You know, I'm getting really tired of being in a foul mood all the time. I'm getting annoyed with myself for being this way all the time. I really can't help it. I'm trying to be happy and friendly. It's just not working.
There are brief, extremely brief, times when I'm happy. It usually happens listening to rock music and driving really fast with no one around. It's starting to wane though. The euphoria isn't lasting as long as it did.
In those moments, I consider staying. I think of all the things I'll get to do here. But then reality sets.
I am scientific in my thinking. I function on common sense. Science, alchemy, was, is, my first love.
I love stories. I love making them up. But I believe that I never thought of them as a career for the reasons that I can't think like these people, and don't want to ever think like them.
I'm trying more and more to hang out and talk with people. All I'm learning is that I really don't want to hang out and talk with them.
They are tolerable in small incriments, about five to ten minutes, but that's it.
It really has nothing to do with the people. It has nothing to do with the traffic. It has nothing to do with pretty much everything. This is about...beat.
Yeah, I think that will work (I'm listening to Boston).
This entire place is bending it's knees to the left as I'm swinging my head to the right.
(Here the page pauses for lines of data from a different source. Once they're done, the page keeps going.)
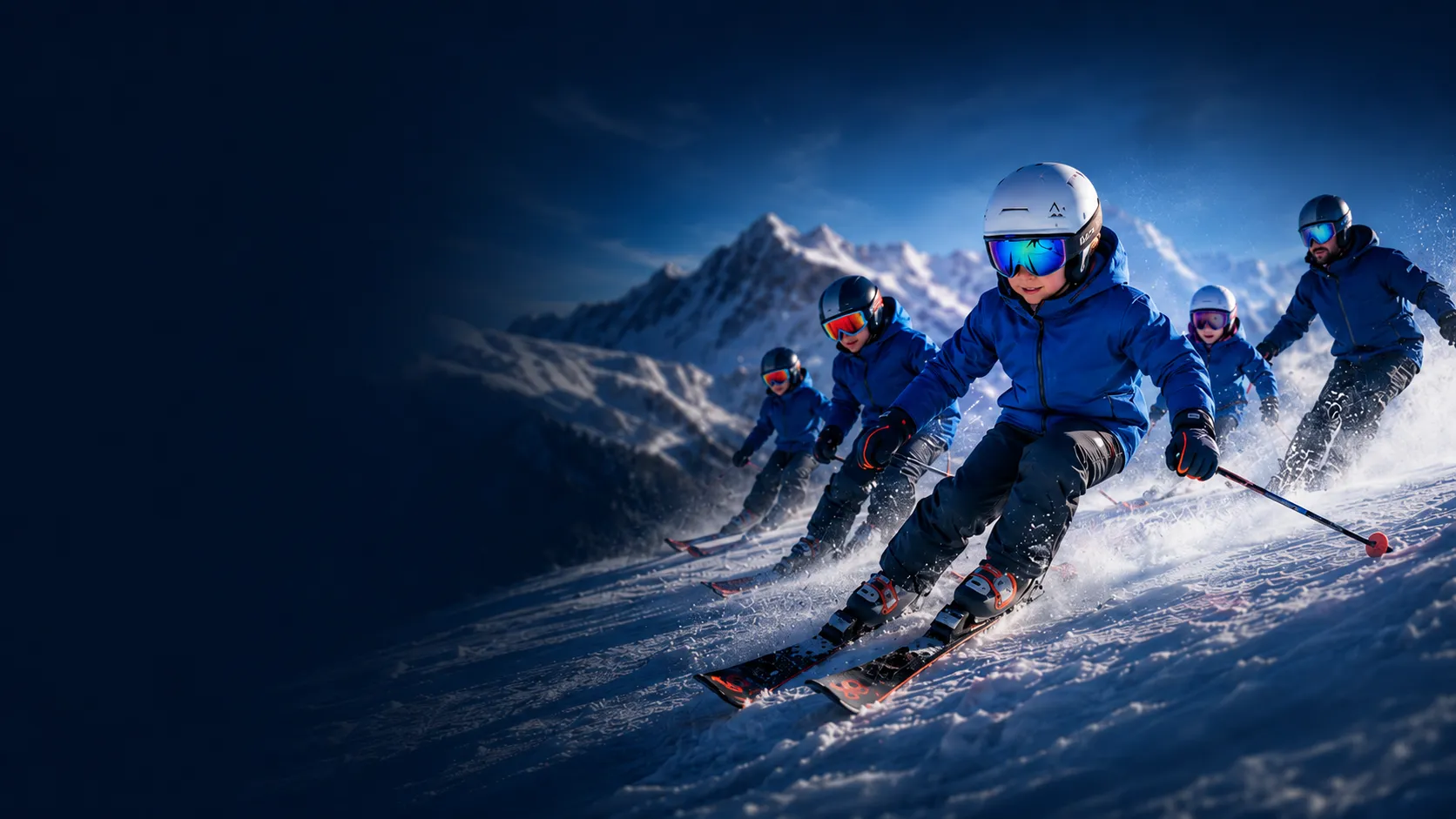 Les Alpes children skiing with their coach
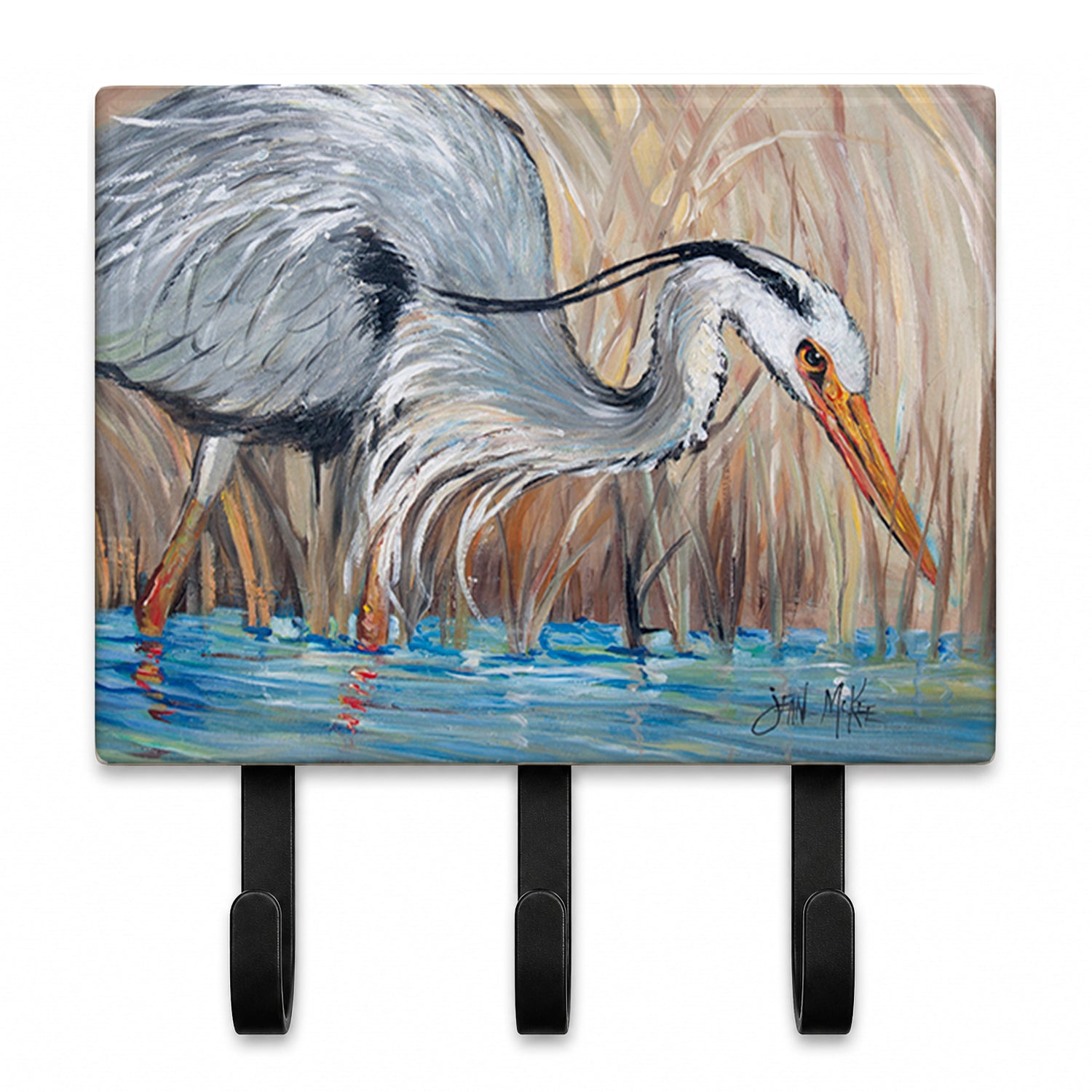 Blue Heron in the reeds Leash or Key Holder Wall Hooks, Coat Rack Wall Mount, for Hanging Keys, Towels, Aprons, Leashes
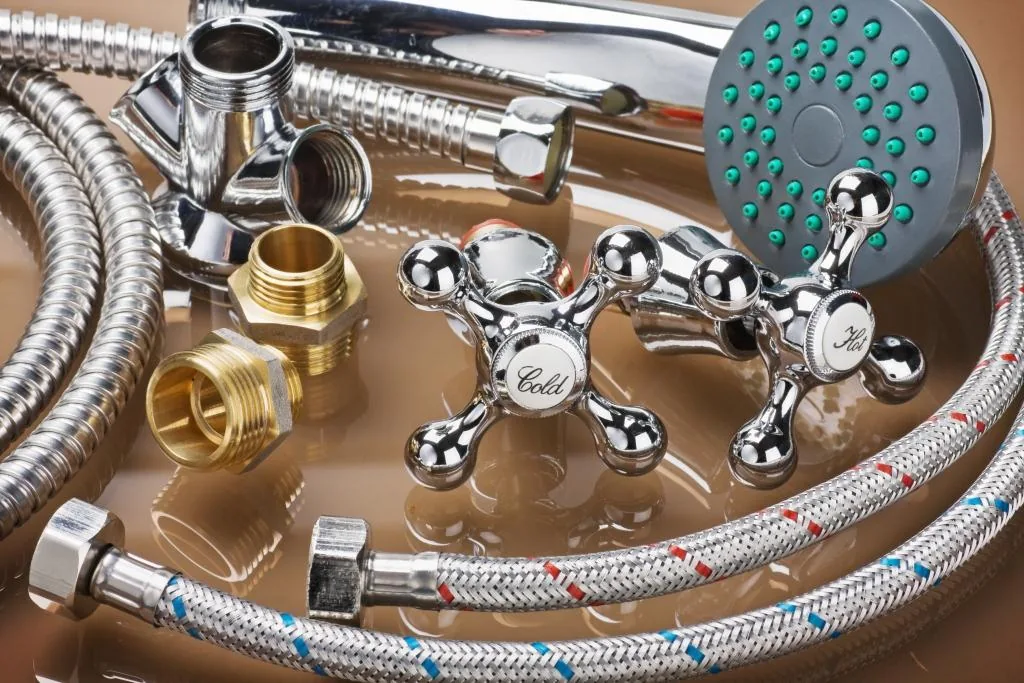 Chrome tapware, hoses and shower fittings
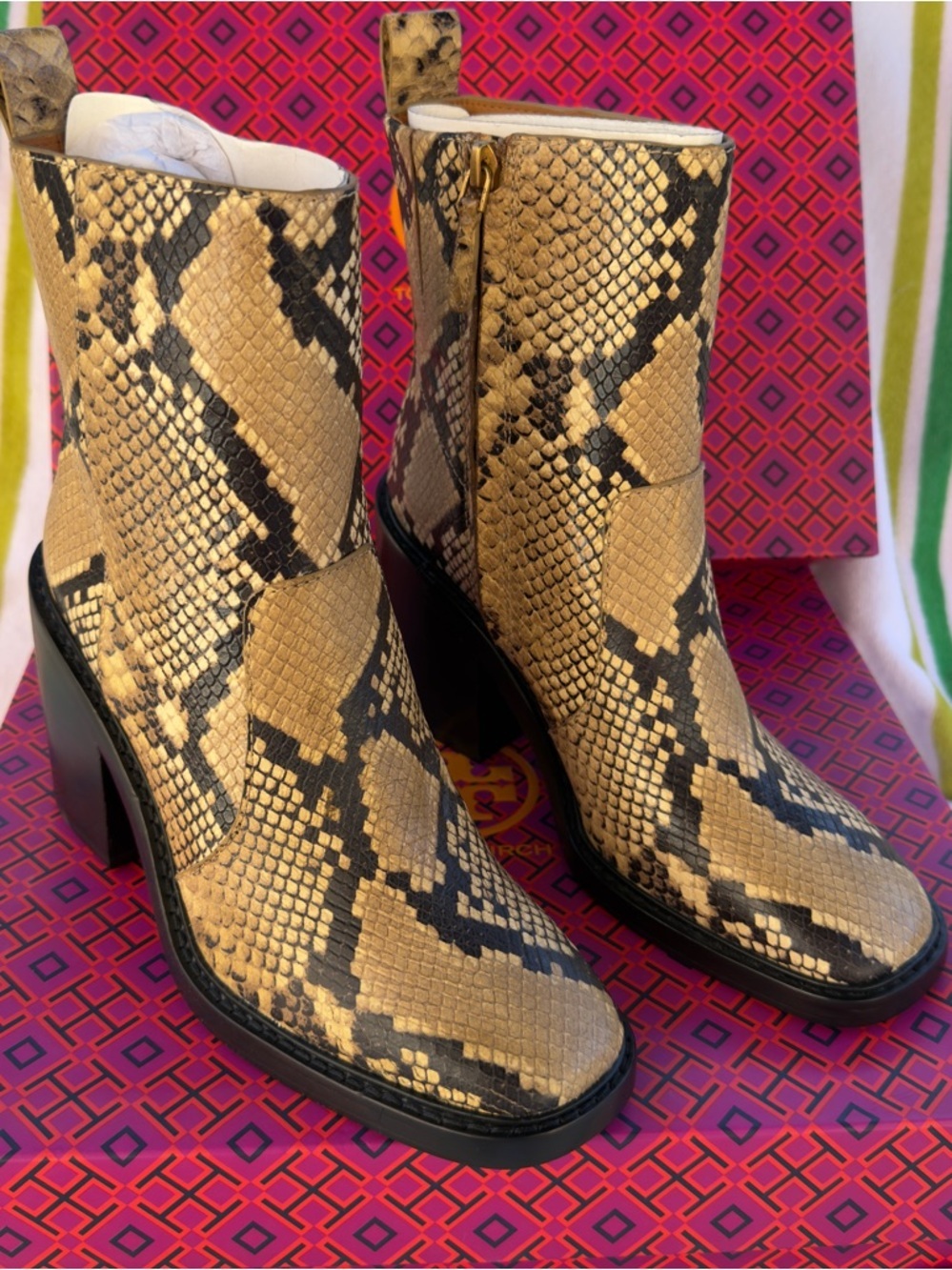 Tory Burch ROCCIO Snake Print Leather Western Ankle Heel Boots 7.5 NEW $595 - Picture 1 of 12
Places have a sound, and this is not my sound. This is just not a beat I can follow.
I was asked today if I was having any fun. I said 'yes' because that is the standard answer. But then I thought about it and I'm not.
Now, the real reason I posted. It is the second week of class. I've already recieved a warning. I got a warning for not returning equipment on time. ...They sent me the warning two hours after I returned the equipment.
You know what? _____ their warning system! _____ their equipment! ______ this whole place! I don't give a _____ about their ________ equipment or systems! Want to tell me it's late? Call me! They required my phone number. Just call me. Don't send a _______ e-mail two hours after I return it!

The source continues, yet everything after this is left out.